Walmart Chief Financial Officer John David Rainey told The Associated Press during a phone call Thursday that spending from middle-income shoppers remained steady, but there was a pullback from lower-income shoppers in the back half of the quarter. The lapse in benefits from the Supplemental Nutrition Assistance Program because of the government shutdown was a drag on business, but sales rebounded, he said.
“There’s always a difference between how the upper income performs versus the lower income,” he said. ”But that gap has widened more recently, where you can see that low-income consumers are stretching their dollars. They’re not buying some of the discretionary things.”
In response, the company has ramped up the number of rollbacks — temporary price discounts — to 7,000.
Meanwhile, other retailers have reported mixed results.

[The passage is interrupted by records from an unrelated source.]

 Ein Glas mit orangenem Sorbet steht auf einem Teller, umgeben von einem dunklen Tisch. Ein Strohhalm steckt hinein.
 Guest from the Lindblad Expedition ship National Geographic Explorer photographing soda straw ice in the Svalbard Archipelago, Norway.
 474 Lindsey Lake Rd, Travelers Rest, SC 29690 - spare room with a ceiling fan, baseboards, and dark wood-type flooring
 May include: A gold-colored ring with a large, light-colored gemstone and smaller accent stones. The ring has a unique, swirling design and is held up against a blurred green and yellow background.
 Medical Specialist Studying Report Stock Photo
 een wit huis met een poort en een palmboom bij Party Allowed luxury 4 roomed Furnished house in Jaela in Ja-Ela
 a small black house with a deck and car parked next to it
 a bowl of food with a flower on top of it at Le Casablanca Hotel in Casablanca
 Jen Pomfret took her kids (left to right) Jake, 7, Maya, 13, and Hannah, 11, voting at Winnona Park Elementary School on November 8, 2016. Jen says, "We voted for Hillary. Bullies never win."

Target’s third-quarter profit tumbled as the retailer struggled to lure shoppers who are being pressed by stubbornly high inflation. The Minneapolis company said Wednesday that it expects its sales slump to extend through the critical holiday shopping season.
Home Depot, which reported its third-quarter results on Tuesday, was mixed with fewer violent storms reaching shore, more anxiety among U.S. consumers, and a housing market that is in a deep funk. The company lowered its fiscal 2025 adjusted earnings forecast but raised its expectations for sales growth.

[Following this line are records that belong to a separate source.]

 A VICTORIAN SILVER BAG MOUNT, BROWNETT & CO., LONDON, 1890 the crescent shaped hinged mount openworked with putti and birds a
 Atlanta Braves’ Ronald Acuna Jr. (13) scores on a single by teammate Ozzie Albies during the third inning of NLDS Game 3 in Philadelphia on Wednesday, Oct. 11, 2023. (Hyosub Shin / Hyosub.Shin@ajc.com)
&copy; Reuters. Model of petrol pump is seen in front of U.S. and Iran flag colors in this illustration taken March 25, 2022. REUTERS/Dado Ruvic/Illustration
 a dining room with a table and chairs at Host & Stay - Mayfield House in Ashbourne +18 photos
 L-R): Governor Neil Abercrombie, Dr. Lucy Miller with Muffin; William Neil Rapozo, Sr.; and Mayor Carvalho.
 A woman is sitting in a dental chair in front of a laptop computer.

TJX, which operates HomeGoods and TJ Maxx, upgraded its full-year outlook and turned in higher profit and sales during the recent quarter as it continues to lure shoppers looking for deals on trendy items.
At Walmart, third-quarter profits rose to $6.14 billion, or 77 cents per share, in the quarter ended Oct. 31. Adjusted earnings were 66 cents, or 6 cents better than Wall Street had expected, according to a poll by FactSet. That is far greater than the $4.58 billion, or 57 cents per share, the company earned in the same period last year.
Sales rose nearly 6% to $179.5 billion, also exceeding the expectations of most analysts.
Global e-commerce sales rose 27%. That follows a 25% jump in the second quarter and 22% growth in the first quarter.
Walmart said that it’s been able to manage higher costs from Trump’s tariffs by changing the mix of products and absorbing some of the costs. The company said prices on Walmart goods on average rose 1.3% for the latest quarter. That’s higher than overall inflation, which rose 3% in September,
Prices for items like electronics, toys, and seasonal items rose the most, roughly increasing in the high single digits, Walmart said.
The company said that it now expects adjusted profits this year to be in the range of $2.58 to $2.63 per share, up from guidance in August of between $2.52 and $2.62 per share.
Walmart expects sales for the year to be up anywhere from 4.8% to 5.1%. That’s up from an earlier estimated range of 3.75% to 4.75%.
Analysts were predicting $2.61 per share, according to FactSet analysts.
Walmart’s shares rose $6.23, or more than 6%, to $106.85 in late-morning trading.